> [TRY IT]: Write out the records once more, exactly, and keep any image out.

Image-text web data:

--

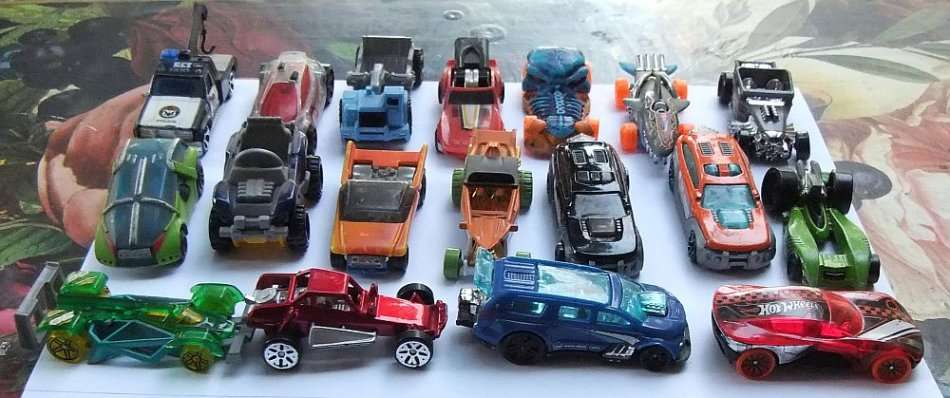 A COOL LOT OF 18 DIE CAST METAL MODELS - MOSTLY HOTWHEELS - PRE LOVED - BID FOR THE LOT !!
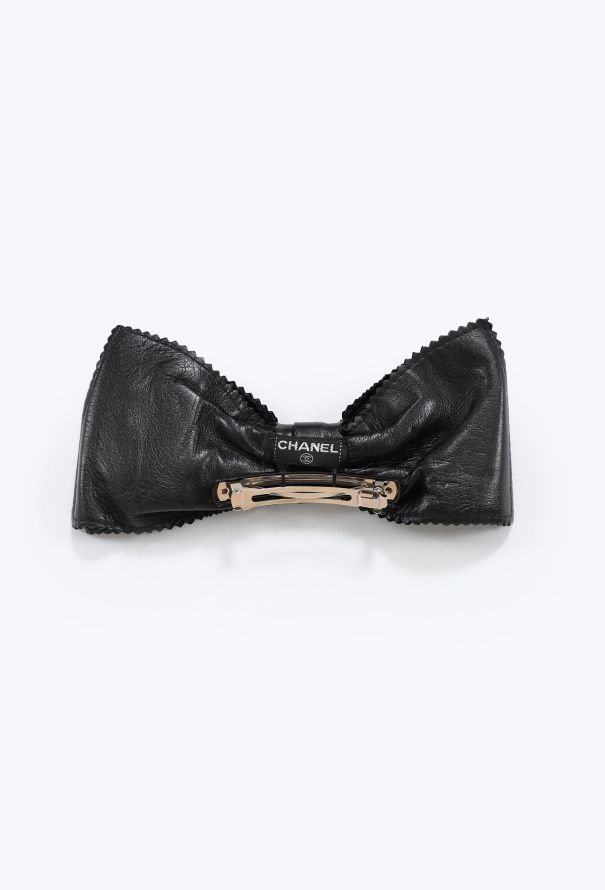 Chanel '80s Leather Bow Hairclip - 4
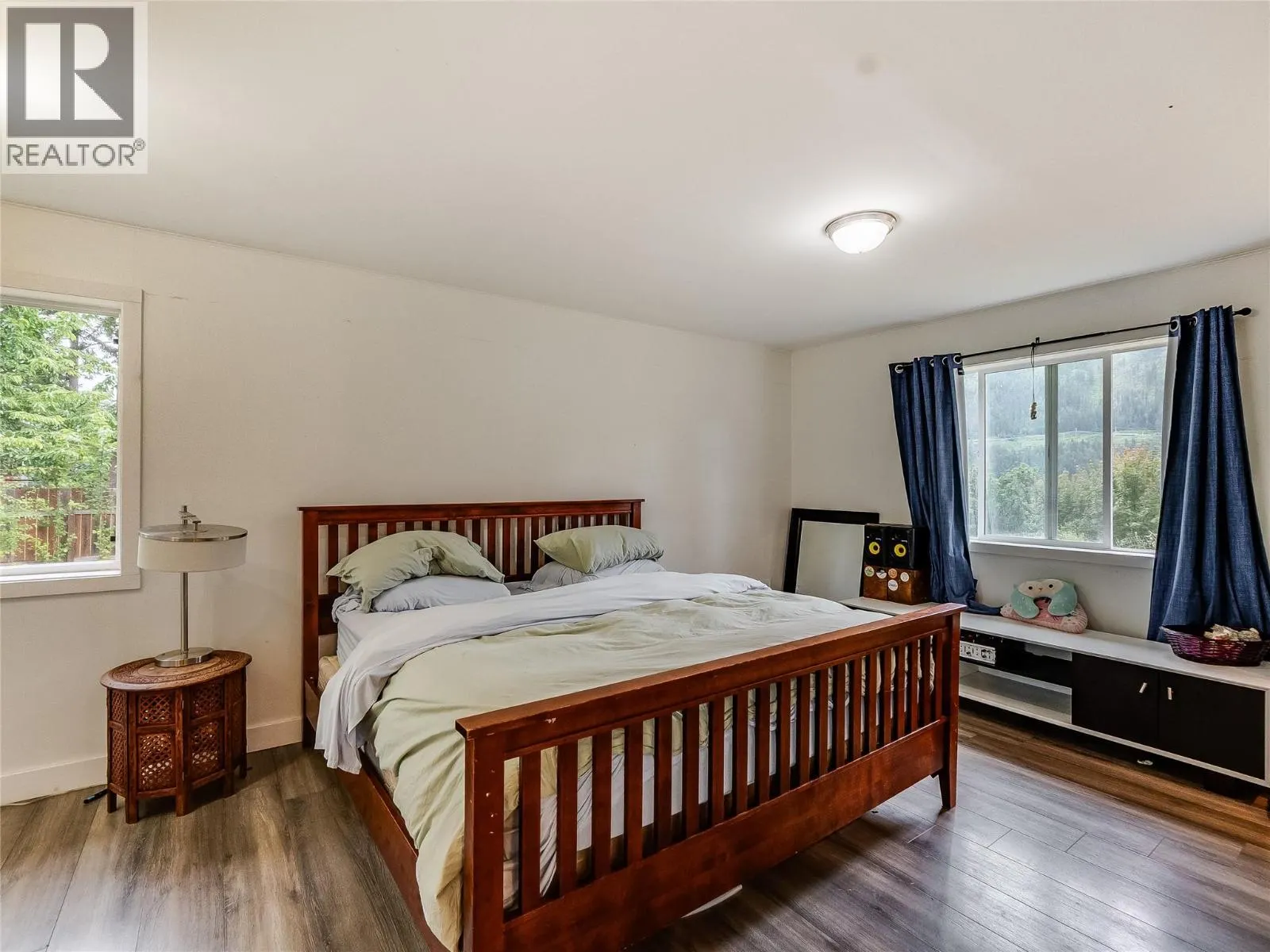 2706 Jacks Crescent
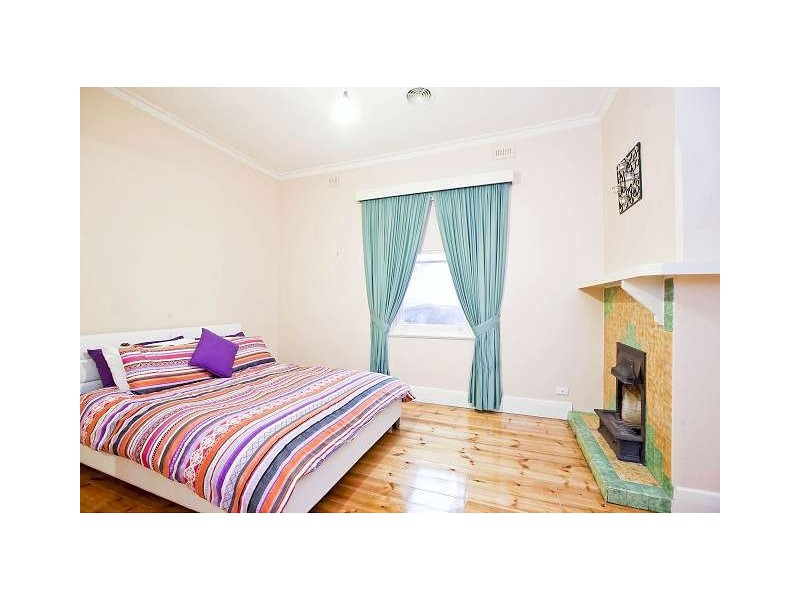 10 Dryden Road, Black Forest SA 5035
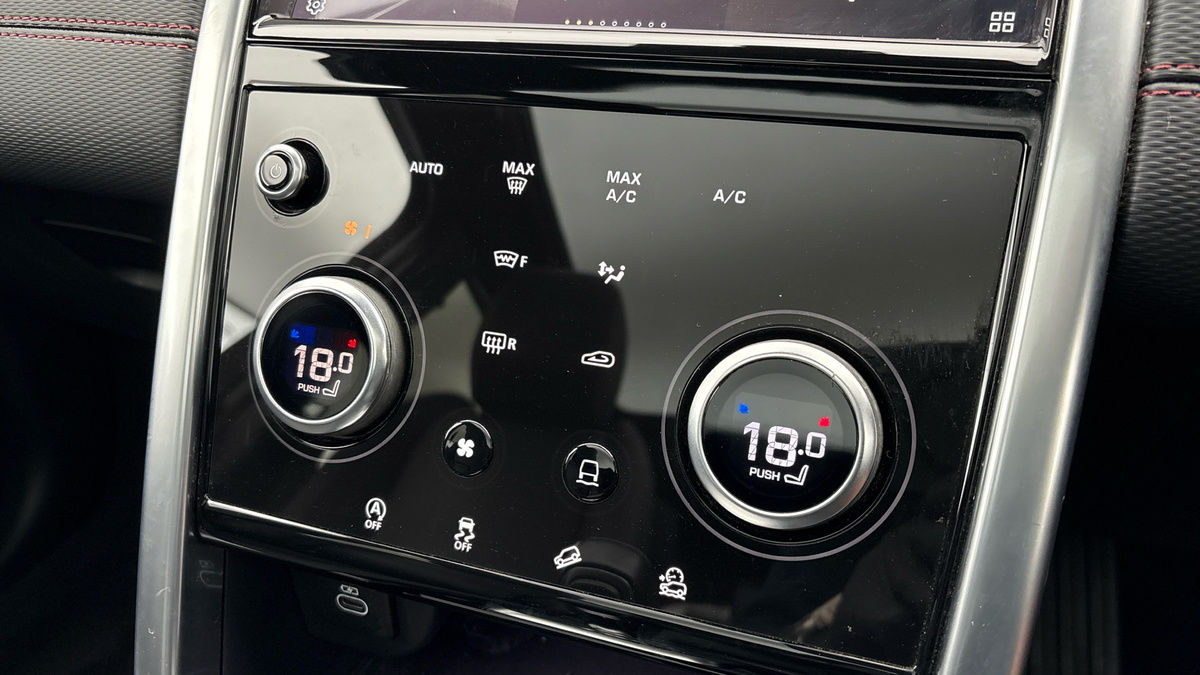 Land Rover Discovery Sport Image 26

--

> [WRITTEN ANSWER]:
 A COOL LOT OF 18 DIE CAST METAL MODELS - MOSTLY HOTWHEELS - PRE LOVED - BID FOR THE LOT !!
 Chanel '80s Leather Bow Hairclip - 4
 2706 Jacks Crescent
 10 Dryden Road, Black Forest SA 5035
 Land Rover Discovery Sport Image 26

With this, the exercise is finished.